There were a series of promises made to ensure that apps were not allowed to gather too much information about their users. The main points are:

A review for bad apps: Any apps found to have misused personal data will be banned from the platform. 

User updates: If an app has been banned, its users will be warned. 

Turn off old apps: Those apps you can't remember accessing will be disabled if they're no longer in use.

Encourage reviews: People will be told how to check whose apps they use and check what data they are holding on them.

Restrict log-in data: When you sign in with Facebook, a brand will soon only be able to access your name, profile photo and email address. Any other data will need a user's permission to collect. 

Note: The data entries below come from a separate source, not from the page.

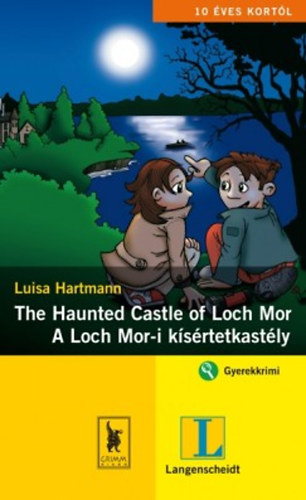 The Haunted Castle of Loch Mor - A Loch Mor-i ksrtetkastly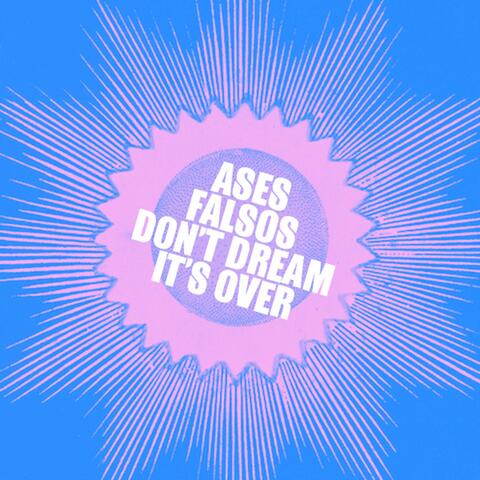 Don´t Dream It´s Over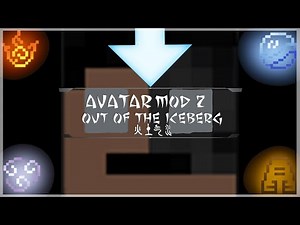 Avatar mod 2 : out of the iceberg | Tuto [FR]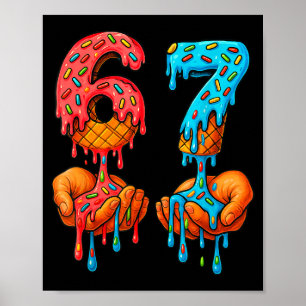 6 7 Meme Ice Cream Drip Funny Gen Alpha Slang  Poster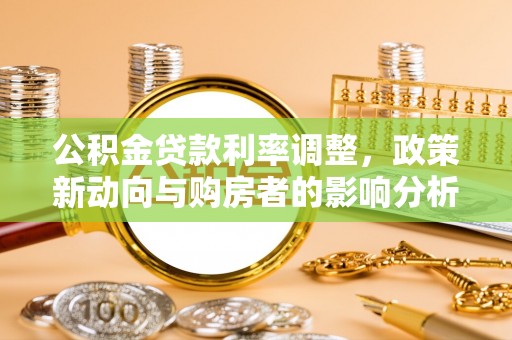 张家界公积金贷款利率调整，政策新动向与购房者的影响分析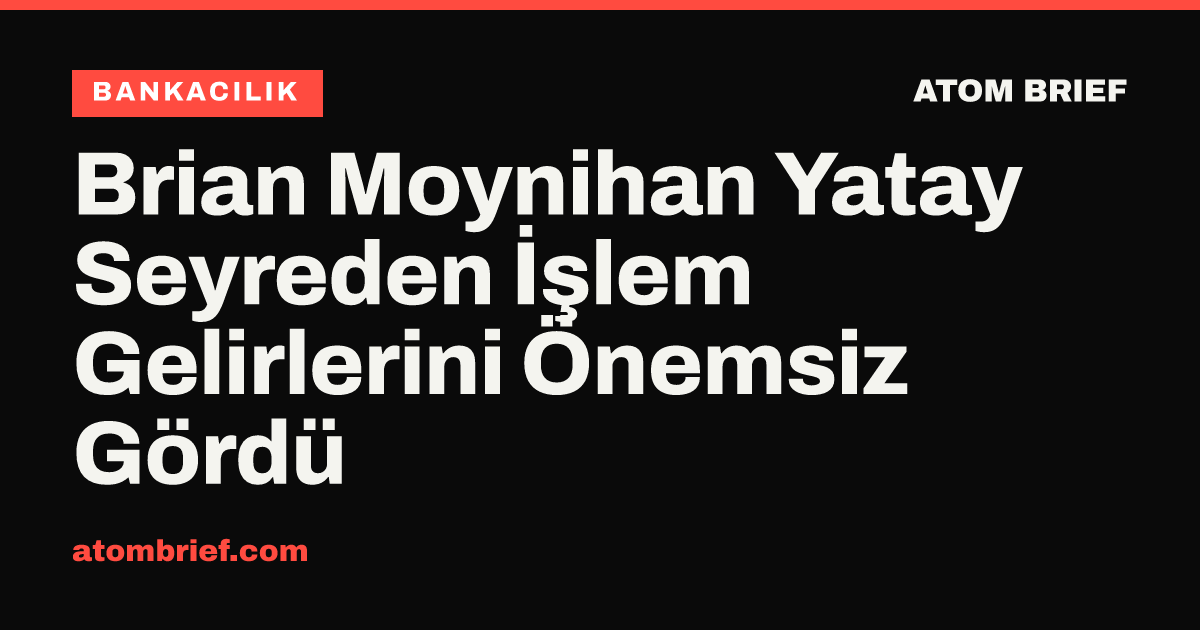 Brian Moynihan Yatay Seyreden İşlem Gelirlerini Önemsiz Gördü
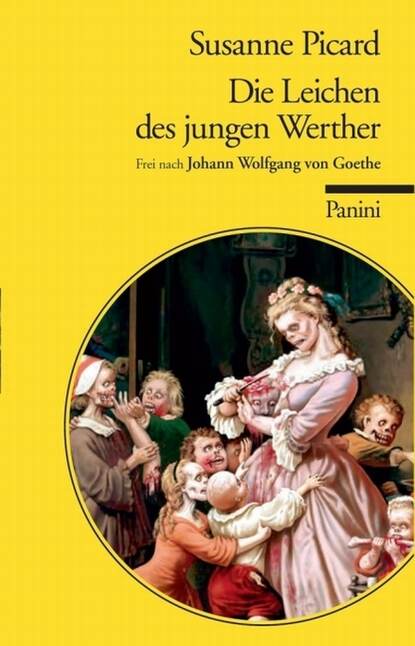 Die Leichen des jungen Werther (Susanne Picard).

Bug bounty: Users will be encouraged to report data malpractice to Facebook whenever they spot it. 

It all sounds like common sense. The fact that this is not already happening should already be ringing alarm bells. Clearly Facebook is expecting apps and its log-in service to be backed by consent, which has had the bar raised by GDPR to be fully informed, freely given and granular. There is nothing in its proposed actions that doesn't bring it into line with the current Data Protection Act (only keeping data as long as it's needed) and GDPR (a higher level of consent). 

The litmus test for me will be if there are still old apps on my account after the May 25th deadline that still have a tick to show they have assumed the right to monitor my political and religious views. You really can't get more of an open breach of GDPR's consent rules than that. 

As for this whole debacle, I'm just not convinced. ISBA has assured its members that Facebook is taking data privacy seriously. I would suggest all the platform has done is a promise to do what is should have already been doing and what it will receive a huge fine for avoiding from May 25th onward. 

As such, I think Facebook pulled off a masterstroke in crisis management on Friday. Advertisers were looking for an excuse not to have to ditch the platform -- and they were given the flimsiest of reasons not to do so.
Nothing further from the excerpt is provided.